Haven't people always tried to separate Business and Pleasure. People who do a job like to use their free time to escape that job. It doesn't mean they hate that job or that don't like doing it...its just that after doing a 40+ hour week most people want to sit back, enjoy a sports game, or go fishing or something.
it is one thing if your a programmer who is fresh out of college and you still want to learn some new languages and new skills but when your a 30+ year old programming veteran with a family the last thing you would want to do or should do is be sitting there working on some pet project instead of being with your friends and families enjoying the little things.
That is the problem with this country vs. Europe. We don't know to enjoy the little things anymore. I mean as a programmer who is cooped up in a chair and a cubicle/office the last thing you should be doing is spending more time behind a computer. Go outside, read a book, and relax.
In fact it wouldn't be much of a venture to say that people who leave work at work and not take it home are probably more productive and happy. Wouldn't you want an employee who puts all their effort in at work and relaxes at home so they don't get burnt out. I think that employers who only hire people who do pet projects are quite simply delusional. Who cares what people do at home, that not your time, unless of course you want to pay them extra for it (which no one will).

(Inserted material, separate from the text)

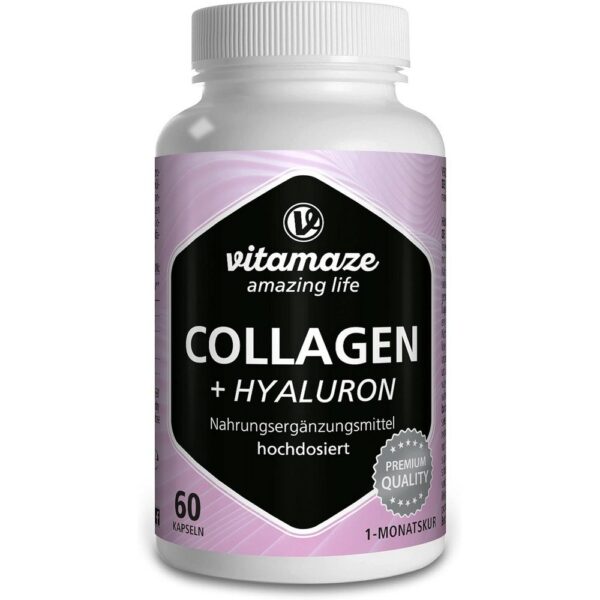 Collagen Capsules + Hyaluronic Acid + Chondroitin + Lysine – 600 mg – 60 caps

I use to code in my free time but there is too little of it and too many things for me to do. If you wont hire me because of that then good I don't want to work for a rude dictator anyway :)
It's even more absurd than that. He said if you make $50/hr you really make $16.70/hour. Unless hr is a new metric of time that I am unfamiliar with rather than an abbreviation for hour, his statement is absolute gibberish.
~ I am logged on, therefore I am.
Reading first few lines of the blog, perhaps a "FOSS ageism" subject is in order?
Dude, it doesn't take a medical degree to spot a nutcase, only to treat one. Get help.
-jcr
The only title of honor that a tyrant can grant is "Enemy of the State."
No, but it takes a license in psychiatry & a formal examination to evaluate someone else's mental state
No actually, it doesn't. Your hangup on credentials is clearly part of your problem.
-jcr
The only title of honor that a tyrant can grant is "Enemy of the State."
Now, care to show us that you are an attorney?
When have I ever claimed to be an attorney?
You're in the running for a balsa gavel award yourself though, after that hilarious remark up thread about how you might be slandered (hint: what does the word "anonymous" mean?)
you outright RAN
Nope. I declined to jump through the hoops you tossed up. If I had run, I wouldn't still be here poking your paranoid carcass.
-jcr
The only title of honor that a tyrant can grant is "Enemy of the State."